[Date Prev][Date Next][Thread Prev][Thread Next][Date Index][Thread Index]

Re: [idn] case folding



I have been disconnected for the net -- except for intermittent access -- for 4 weeks, so I had a bit of catching up to do. I'll try to hit a few points that people mentioned on this subject.

1. UTR#21 status. This was advanced to the "approved" stage at a recent UTC meeting. It is listed that way in the header and on the index page:
http://www.unicode.org/unicode/reports/tr21/
http://www.unicode.org/unicode/reports/

For those people who don't know about the UTC approval process, I'll summarize it here:

- A UTR normally advances from "proposed draft" to "draft" to "approved". It can sometimes then advance to "part of the standard".
- At each step, it must be passed by a majority vote of the full members present at a UTC meeting, or by a majority of all full members, if a letter ballot.

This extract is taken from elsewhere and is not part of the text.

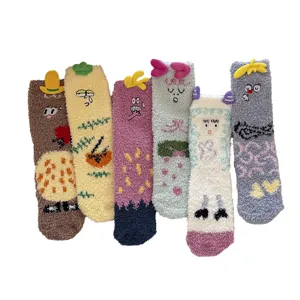Damen dicke Korallenfleece warme Socken süße Cartoon Grafik gemütliche Wintersocken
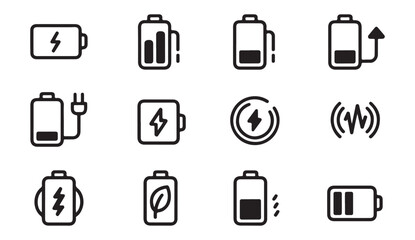 Modern collection of bold battery icons for charging energy monitoring and power level indicators. © Md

Full members are listed at http://www.unicode.org/unicode/consortium/memblogo.html.
- After such passage, the final text must be approved by the UTC editorial subcommittee (which has about 8 members from the UTC).
- The UTRs can be updated with simple editorial changes or corrigenda with simple approval of the editorial committee.
- Any substantial change in an update requires approval again by the UTC.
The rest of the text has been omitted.